The Online Freelancing Folly

by A.D Paterson on 07/11/2010

Online freelancing has become very popular over the last few years, but it has also caused a lot of people more problems than it’s worth.

In this article we’re going to have a look at some of the problems associated with doing online freelancing. We’ll have a quick look at why some folks are doing it, and then we’ll look at a few of the things to bear in mind if you decide to have a go at trying a bit of online freelancing.

Why are so many taking to the internet to make money?

Everyday there are more people taking to the internet to find a way to supplement their incomes. Some only need a small amount of money to keep paying the bills on time, but others have found that they are suddenly in a large financial hole that they can’t see any way of clawing themselves out of.

There are a large number of reasons, and each one is just as good as the other.

If you’ve been online for any length of time you’ll have seen that every man and his dog is (allegedly) making money online, and it’ll lead you to believe that it’s going to be an easy fix for your financial problems – but it isn’t. Yes, people are making money online, but most will have struggled to get to that stage, it isn’t an easy fix, it takes time and effort.
It’s usually at this stage that the majority will give up, and most of the rest will suddenly stumble on the idea of online freelancing.

What’s wrong with online freelancing?

Well, generally, there’s nothing wrong with doing this. You can start to live your dreams of making money online, but there are a few things that you’re going to need to take into account when you’re doing it.

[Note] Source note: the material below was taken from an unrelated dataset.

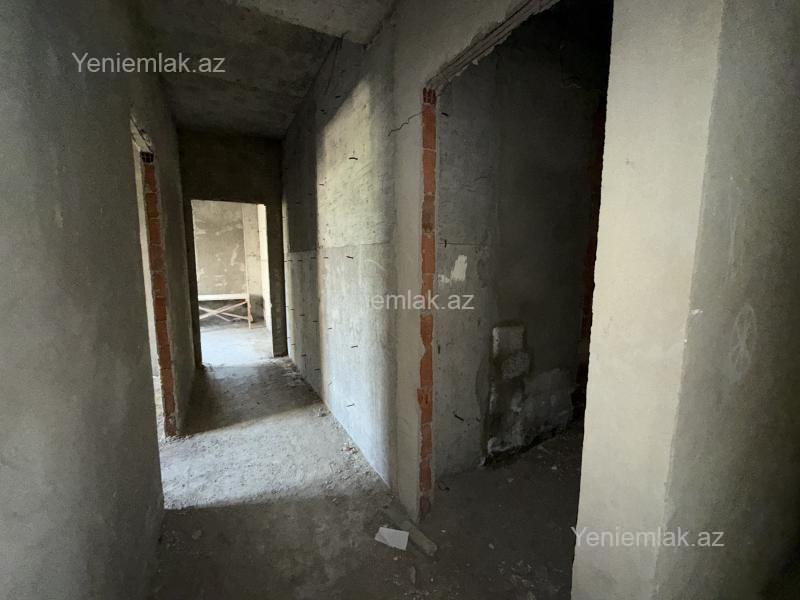 3 otaqlı Bina evi menzil, Xətai rayonu, Bakı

First, was it really your intention to get a second job working for someone else? Most folks when deciding to work online do it because it gives them a sense of freedom that they don’t get from working for someone else, but, that’s exactly what you will be doing.

When you take on an online freelancing job you’ll be committing yourself to completing that task over a certain number of days, with status reports filed regularly, and for a pre agreed amount of money for doing the task.

If there are delays it could cost you financially. If your work isn’t up to scratch they may have the option to refuse it and not pay you. Then there are the other costs involved. There will be a fixed fee to go to the company that you found the job through, and you may decide to pay extra to apply for more than x number of jobs per month.

All of these costs need to be noted so that you can work out if the amount of money your willing to receive to do the job is actually a profitable way to spend your time.

How could it not be a profitable way if you’ve got money coming in from it?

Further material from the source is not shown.